Third place: Sleep-Umzzz idea dormant

jwyss@MiamiHerald.com

Sleep-Umzzz took third place last year offering grown-ups a chance to do what they used to do in kindergarten: nap.

The father and son team of Robert and Paul Dollar proposed building yacht-style berths that would be installed in public places and rented by the hour. Their ideal audience? The groggy masses of jet-lagged travelers who haunt airport lobbies looking for shut-eye.

The Sleep-Umzzz cabins would each have a bunk and a chair and would give hollow-eyed souls the opportunity to check their e-mail, make a call, watch a movie or sleep. While there are competing concepts already in the market, none offer the space or privacy that the Dollars envision.

''Other people are coming up with chairs and hoods that you can [use to] isolate yourself, but that does nothing'' for, say, a mother traveling with children or ''someone who wants to kick off their shoes and get some work done,'' said Robert Dollar.

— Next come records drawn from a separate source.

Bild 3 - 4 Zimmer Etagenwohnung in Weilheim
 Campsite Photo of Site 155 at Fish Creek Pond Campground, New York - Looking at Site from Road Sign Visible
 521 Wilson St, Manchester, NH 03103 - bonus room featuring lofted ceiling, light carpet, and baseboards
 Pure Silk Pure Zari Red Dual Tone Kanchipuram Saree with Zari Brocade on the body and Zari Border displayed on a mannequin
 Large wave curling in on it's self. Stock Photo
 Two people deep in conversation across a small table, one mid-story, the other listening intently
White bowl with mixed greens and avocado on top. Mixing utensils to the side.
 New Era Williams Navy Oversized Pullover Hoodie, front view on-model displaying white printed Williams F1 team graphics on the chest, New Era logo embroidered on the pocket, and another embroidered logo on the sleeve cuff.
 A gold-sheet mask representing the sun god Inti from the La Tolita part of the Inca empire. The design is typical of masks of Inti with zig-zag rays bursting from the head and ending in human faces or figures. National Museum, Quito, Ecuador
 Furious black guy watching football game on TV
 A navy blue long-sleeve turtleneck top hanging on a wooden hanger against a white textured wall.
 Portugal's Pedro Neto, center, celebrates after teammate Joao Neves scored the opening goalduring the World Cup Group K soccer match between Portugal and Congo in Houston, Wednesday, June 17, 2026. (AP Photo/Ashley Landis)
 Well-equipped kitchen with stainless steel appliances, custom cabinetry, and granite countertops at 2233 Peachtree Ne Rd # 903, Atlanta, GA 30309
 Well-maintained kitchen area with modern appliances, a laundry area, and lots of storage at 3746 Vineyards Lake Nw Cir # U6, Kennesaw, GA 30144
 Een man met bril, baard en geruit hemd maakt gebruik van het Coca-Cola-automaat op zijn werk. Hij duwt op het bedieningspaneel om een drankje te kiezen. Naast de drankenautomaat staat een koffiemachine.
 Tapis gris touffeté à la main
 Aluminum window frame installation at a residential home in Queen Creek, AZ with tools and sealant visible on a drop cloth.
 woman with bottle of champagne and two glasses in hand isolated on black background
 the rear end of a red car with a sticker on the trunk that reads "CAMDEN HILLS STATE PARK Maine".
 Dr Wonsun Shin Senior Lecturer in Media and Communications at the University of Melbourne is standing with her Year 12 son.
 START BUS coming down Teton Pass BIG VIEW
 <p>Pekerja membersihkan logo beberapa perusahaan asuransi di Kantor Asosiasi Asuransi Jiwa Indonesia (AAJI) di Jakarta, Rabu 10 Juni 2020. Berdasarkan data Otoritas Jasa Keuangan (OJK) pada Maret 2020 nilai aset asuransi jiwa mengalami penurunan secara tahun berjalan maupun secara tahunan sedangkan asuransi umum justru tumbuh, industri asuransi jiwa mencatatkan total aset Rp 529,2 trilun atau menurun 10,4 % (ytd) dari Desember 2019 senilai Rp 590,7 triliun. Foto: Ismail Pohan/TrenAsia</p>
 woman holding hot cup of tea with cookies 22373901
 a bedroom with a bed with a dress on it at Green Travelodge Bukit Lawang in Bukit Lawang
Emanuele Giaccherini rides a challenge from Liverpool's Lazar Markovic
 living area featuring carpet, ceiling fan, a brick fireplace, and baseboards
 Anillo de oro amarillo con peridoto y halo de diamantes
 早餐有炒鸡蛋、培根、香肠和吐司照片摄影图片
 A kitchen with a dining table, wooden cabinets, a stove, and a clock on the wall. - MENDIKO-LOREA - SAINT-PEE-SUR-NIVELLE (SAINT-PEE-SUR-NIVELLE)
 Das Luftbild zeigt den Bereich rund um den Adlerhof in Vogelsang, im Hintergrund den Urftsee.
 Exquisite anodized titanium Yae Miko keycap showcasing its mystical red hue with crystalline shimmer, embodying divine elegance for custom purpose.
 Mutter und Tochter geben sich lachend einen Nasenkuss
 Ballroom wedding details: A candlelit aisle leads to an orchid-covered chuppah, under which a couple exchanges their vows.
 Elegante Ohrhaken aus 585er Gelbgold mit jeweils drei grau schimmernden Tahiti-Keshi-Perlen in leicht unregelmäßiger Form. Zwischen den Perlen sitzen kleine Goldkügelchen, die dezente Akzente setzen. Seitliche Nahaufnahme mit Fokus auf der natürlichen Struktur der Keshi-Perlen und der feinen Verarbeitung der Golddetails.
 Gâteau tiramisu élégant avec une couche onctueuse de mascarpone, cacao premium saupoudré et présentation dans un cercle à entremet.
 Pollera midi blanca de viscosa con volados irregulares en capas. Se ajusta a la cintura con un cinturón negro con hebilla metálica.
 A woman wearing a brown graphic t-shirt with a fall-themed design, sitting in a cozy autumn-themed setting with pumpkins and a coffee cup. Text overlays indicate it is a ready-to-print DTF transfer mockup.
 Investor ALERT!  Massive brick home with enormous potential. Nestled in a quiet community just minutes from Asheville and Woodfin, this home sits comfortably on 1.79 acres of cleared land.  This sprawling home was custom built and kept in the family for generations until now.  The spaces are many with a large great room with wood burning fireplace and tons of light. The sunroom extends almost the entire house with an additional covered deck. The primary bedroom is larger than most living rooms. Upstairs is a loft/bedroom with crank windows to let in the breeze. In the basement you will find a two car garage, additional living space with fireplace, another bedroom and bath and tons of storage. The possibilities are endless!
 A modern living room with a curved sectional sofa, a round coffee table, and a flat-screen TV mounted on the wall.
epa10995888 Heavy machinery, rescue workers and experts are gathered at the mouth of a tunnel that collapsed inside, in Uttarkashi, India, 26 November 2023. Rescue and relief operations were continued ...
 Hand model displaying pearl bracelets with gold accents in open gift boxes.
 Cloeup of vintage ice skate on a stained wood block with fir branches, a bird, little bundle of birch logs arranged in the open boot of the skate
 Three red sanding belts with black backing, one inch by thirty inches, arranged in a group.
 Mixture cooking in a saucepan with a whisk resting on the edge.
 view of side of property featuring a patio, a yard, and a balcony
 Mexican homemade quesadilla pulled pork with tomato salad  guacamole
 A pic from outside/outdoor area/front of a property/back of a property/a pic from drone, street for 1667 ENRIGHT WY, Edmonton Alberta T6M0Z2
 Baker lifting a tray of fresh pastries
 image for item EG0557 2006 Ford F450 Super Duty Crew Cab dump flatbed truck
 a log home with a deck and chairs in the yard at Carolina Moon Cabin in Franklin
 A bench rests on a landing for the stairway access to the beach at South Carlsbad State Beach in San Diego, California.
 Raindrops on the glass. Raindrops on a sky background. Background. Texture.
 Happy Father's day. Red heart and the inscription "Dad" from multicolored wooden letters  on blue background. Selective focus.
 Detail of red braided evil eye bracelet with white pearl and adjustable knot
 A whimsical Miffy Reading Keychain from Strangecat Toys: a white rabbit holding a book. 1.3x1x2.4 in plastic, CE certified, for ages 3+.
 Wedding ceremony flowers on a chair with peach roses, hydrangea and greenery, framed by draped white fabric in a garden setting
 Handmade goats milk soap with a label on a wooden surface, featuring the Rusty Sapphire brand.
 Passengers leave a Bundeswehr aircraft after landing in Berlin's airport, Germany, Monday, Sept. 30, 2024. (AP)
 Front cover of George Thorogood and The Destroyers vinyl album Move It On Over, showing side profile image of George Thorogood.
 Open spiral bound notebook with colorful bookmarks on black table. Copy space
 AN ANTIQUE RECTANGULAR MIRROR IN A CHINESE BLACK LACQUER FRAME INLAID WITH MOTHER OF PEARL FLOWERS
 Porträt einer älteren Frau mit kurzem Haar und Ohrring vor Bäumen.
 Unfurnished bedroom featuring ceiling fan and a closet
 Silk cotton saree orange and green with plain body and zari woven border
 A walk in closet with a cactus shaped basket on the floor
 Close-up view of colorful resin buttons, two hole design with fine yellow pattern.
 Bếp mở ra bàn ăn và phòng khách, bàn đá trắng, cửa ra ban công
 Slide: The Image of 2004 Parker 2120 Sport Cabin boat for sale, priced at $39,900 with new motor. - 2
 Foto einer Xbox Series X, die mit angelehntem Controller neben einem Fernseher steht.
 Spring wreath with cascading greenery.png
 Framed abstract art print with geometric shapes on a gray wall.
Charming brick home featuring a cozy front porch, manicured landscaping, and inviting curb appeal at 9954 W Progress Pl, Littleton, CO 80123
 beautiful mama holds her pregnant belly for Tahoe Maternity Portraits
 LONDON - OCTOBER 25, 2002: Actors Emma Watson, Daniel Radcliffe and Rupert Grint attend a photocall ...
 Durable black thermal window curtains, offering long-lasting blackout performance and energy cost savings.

The concept found fertile ground with our judges. But nine months later, the dream is still dormant.

While the Dollars were able to make contacts at Miami International Airport -- where they imagined a warren of Sleep-Umzzz cubbies would be a hit -- and have shared their plans with three investors, they've yet to find the roughly $266,000 they need to launch the venture in earnest.

Still, the duo believe the plan will work. By renting out the modular cubbies at $20 for the first three hours and $10 for each additional hour, the Dollars expect they would break even at 60 percent occupancy of the 16-cabin array they envisioned.

There's a sense of urgency to the venture. On occasion they hear about other companies toying with similar concepts, said Paul Dollar, 19, a film and design student at Miami Dade College. ``It's going to pop up eventually if we don't do it.''

Recently the duo have been revisiting the plan and considering taking it to an airline that may be interested in co-branding the project.

It's worth a shot, said Paul.

''There's nothing worse than not trying,'' he said.